>>>>>

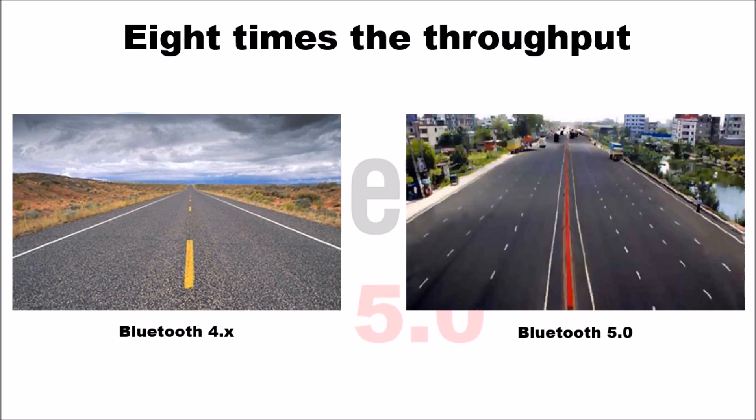With this extra throughput, you could, for example, with the new Samsung Galaxy S8, have music being streamed to two different speakers at the same time — same music received by two Bluetooth speakers simultaneously with no lag. I also expect to see a lot of smart devices and Internet of Things devices using Bluetooth to connect and move data, stream music, video, or just data. The throughput is eight times in 5.0 compared to 4.0.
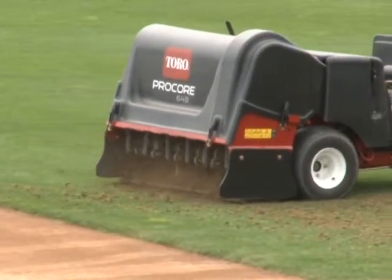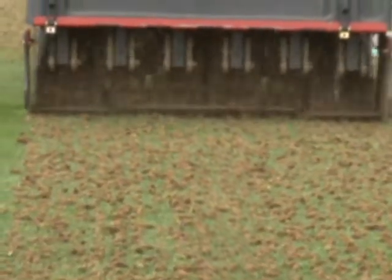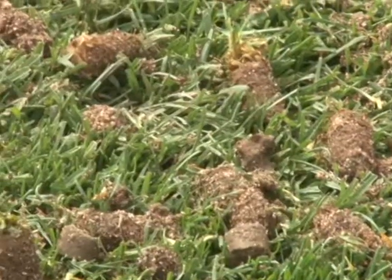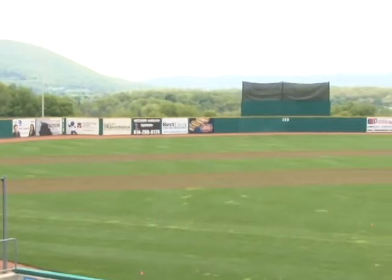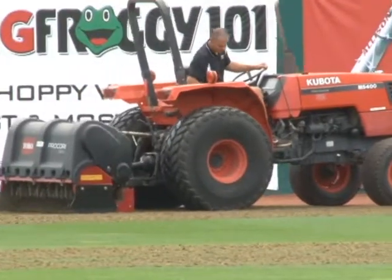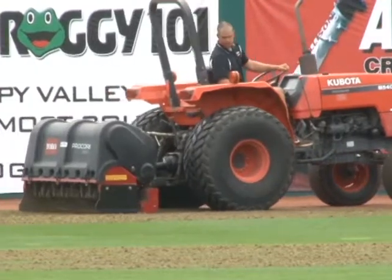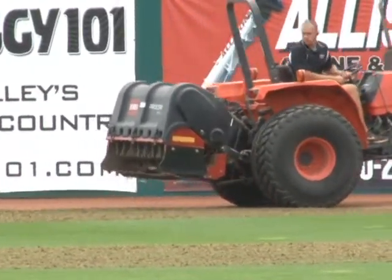Aeration is very important for your home lawn. Usually you want to do it once in the spring and once in the fall. What we're doing when we aerate the field is we're actually removing soil from the profile and allowing for water and air and root growth to happen underneath the sod. It's something that's extremely important. It relieves compaction and really allows for your turf grass to be very healthy throughout the summer months.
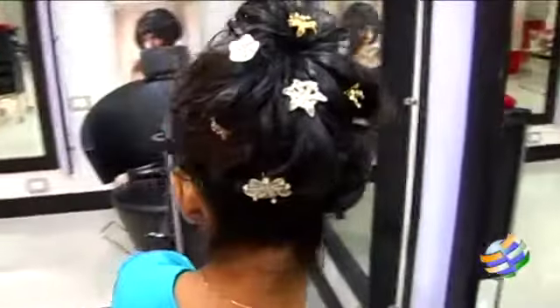Okay, so this is my messy bun today. You can just try this when you have any reception at home, or any party, or somewhere to go outside — you can just try it yourself, it's very easy to make. For more ideas and more videos, just keep watching our shows.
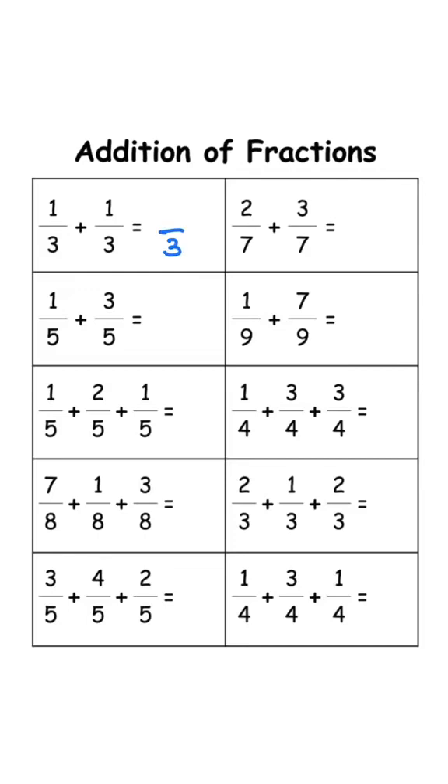Keep the denominator 3. 1 plus 1 is 2, answer is 2 over 3. Keep the denominator 7. 2 plus 3 is 5, answer is 5 over 7.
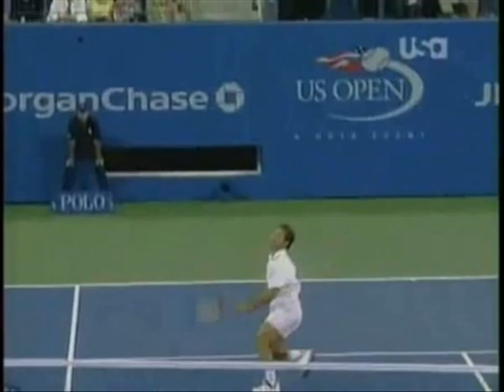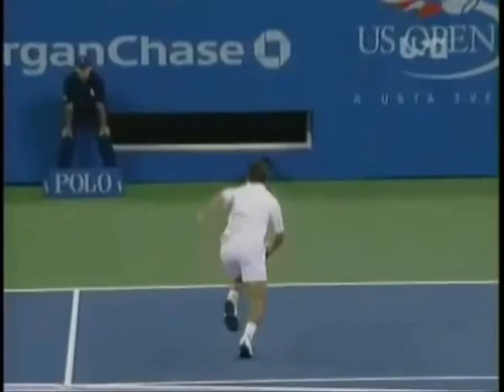Let's take a look at Fabrice Santoro and his famous between-the-legs shot, also known as the tweener. Fabrice changed his grip to an eastern backhand and has a very loose wrist. Those two things become really important later on.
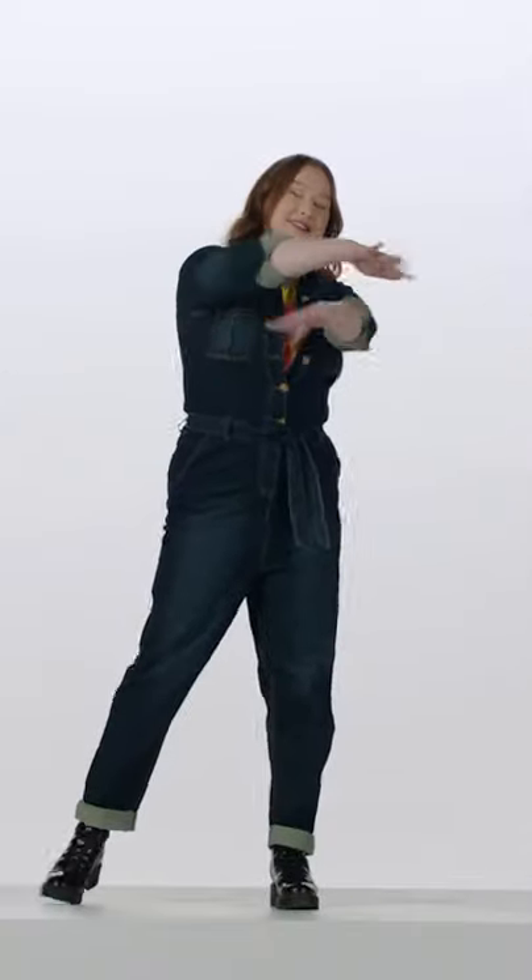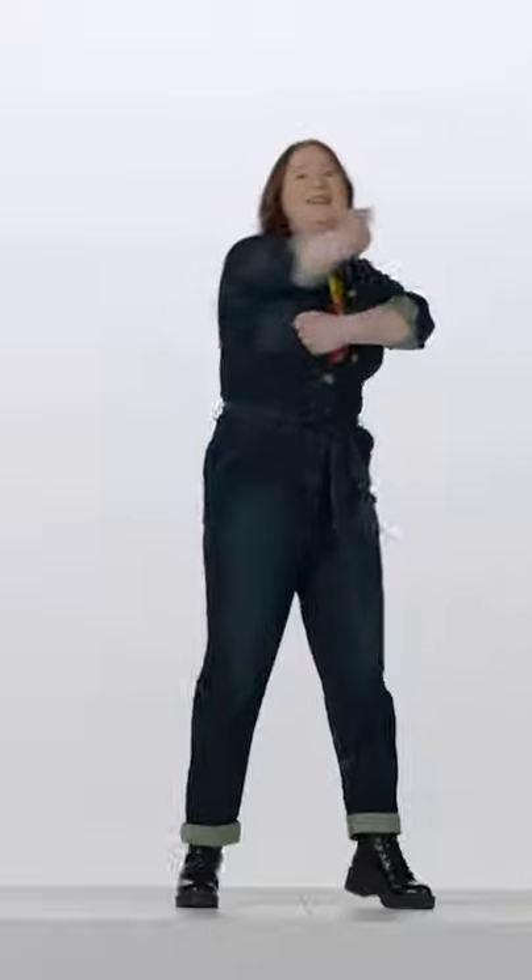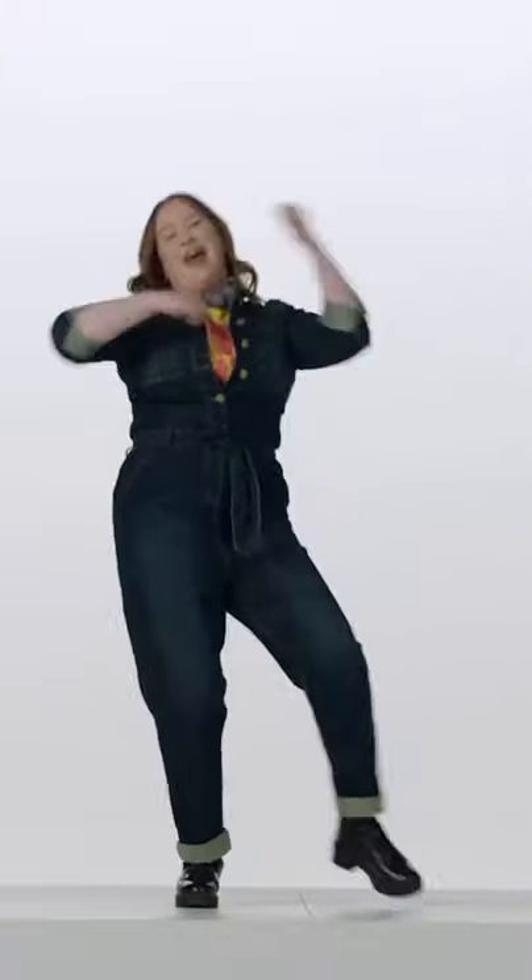We're going to start grabbing 'What's the Secret Recipe' from both sides, just like this. We're going to bring our arms around with spirit fingers and dip to one side. Then we're going to mix the spicy with the sweet twice. Then roll your arms and come back up.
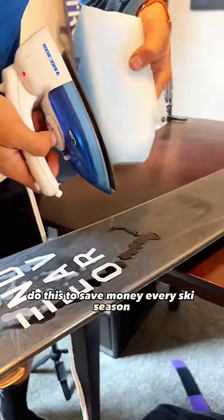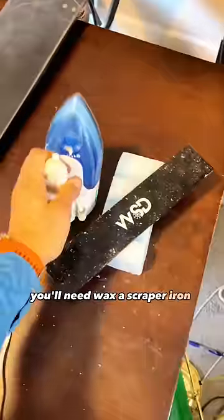Do this to save money every ski season. You'll need wax, a scraper, an iron, and a brush.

<<<<<

▶ _What you need to do_: The output should hold only the lines from the one containing "We're going to start" through the last line of the listing, reproduced exactly, pictures omitted.

▶ _Response_:
We're going to start grabbing 'What's the Secret Recipe' from both sides, just like this. We're going to bring our arms around with spirit fingers and dip to one side. Then we're going to mix the spicy with the sweet twice. Then roll your arms and come back up.
Do this to save money every ski season. You'll need wax, a scraper, an iron, and a brush.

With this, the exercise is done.